From what I understand from a bit of research, the failure is caused by a reaction of the polymer with chemical chlorine common in American public water systems. Polybutylene systems are still in use and are even popular in Europe and Asia. I know in at least parts of Europe, they don't use chlorine to treat water, but use Oxine instead, so that may be why it isn't a problem in those markets. Our water comes from a well and is not chlorinated, so I think we'll be fine, but I will look into it further to make sure.


----------



## RikksTamo

*Awesome Answers !*

Thanx Richo for posting your question. I have the same exact problem. And after spending so much time making sure that I mixed the floor leveller exactly to direction, & levellling each & every tile along with the over-all floor after placing each tile, I was devastated to find out that my toilet didn't fit snug! I really appreciate everyone's answers. Thank you so much !! I had no idea that they made plastic shims for this. I've heard of the composite ones, actually thought about using them, but they do have a terrible odour that I can not seem to find out any info from anyone about how long that odour lasts. Plastic it is ! :thumbup: I am also going to use caulk in dabs underneath the toilet, just to set it in place.


----------



## Fanlarm

I used foam backer rod to steady my rocker. Cut it to approximate length and stuffed it under the front edge with a wooden paint stir stick (to prevent poking holes in the rod) from bolt to bolt. Tightened the bolts down. First time in history we haven't had an amusement park ride in the bathroom!


----------



## ct18

remi999 said:


> Once I saw a cheap trick for situations like yours - use 1 cent coins under your toilet so fix the rocking. They are made of copper and will not rust.
> 
> Caulk will not stop the wiggle. Think about the weight of the porcelain, the user and the water combined.
> 
> One more thing (maybe stating the obvious). If you even remotely _suspect_ there may be a toilet leak - DON'T CAULK around the toilet. It's like fixing a tooth cavity by plugging in a piece of gum. WON'T WORK!
> 
> Remove the toilet (it's really not too complex) and replace the wax ring. Otherwise you'll trap the leaking water (let's call it that, but in reality it is far from being "water") under the toilet and guarantee you all kinds of problems like rot, smell, mold, etc.

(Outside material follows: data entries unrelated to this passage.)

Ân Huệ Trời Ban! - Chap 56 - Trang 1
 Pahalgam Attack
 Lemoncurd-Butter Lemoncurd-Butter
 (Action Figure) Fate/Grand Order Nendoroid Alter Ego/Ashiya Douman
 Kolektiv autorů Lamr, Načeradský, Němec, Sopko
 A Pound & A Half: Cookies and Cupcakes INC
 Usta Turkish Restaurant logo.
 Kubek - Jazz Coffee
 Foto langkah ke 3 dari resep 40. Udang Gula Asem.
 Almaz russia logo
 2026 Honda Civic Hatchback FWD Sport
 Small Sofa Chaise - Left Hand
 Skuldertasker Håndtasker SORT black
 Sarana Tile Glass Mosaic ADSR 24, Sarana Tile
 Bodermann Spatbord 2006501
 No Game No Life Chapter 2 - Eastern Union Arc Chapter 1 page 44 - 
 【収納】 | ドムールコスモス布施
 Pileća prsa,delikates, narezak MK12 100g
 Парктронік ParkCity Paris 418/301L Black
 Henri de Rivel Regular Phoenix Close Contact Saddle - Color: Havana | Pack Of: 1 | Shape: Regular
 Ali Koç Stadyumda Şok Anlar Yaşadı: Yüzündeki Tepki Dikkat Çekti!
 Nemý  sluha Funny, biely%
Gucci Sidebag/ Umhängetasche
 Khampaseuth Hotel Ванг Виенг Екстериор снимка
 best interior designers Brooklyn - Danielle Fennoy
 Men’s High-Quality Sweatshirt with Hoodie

I have been using pennies for years now or even stainless steel washers.


----------



## NotyeruncleBob

There's a lot of bad advice in this old thread. 
The correct way to do this is of course to tile flat! But short of that leveling with the plastic shims and then a tub & tile caulking is the only real solution here. Make sure that you're not shimming too much so that you loose the seal to the wax ring.


----------



## SeniorSitizen

I would first determine if the toilet rocking was caused by it resting on the flange. How ? make a feeler gauge from a plastic milk carton. Feel for toilet base to floor clearance and when the gauge gets tight push down on the opposite side. If the gauge loosens and gets tight on the side you pushed down the odds are real good it's rocking on the flange.

If shims are needed no rust shims can be cut from that same milk carton and stacked to most any thickness needed. If it works on industrial engines it will surely work on a domestic toilet.


----------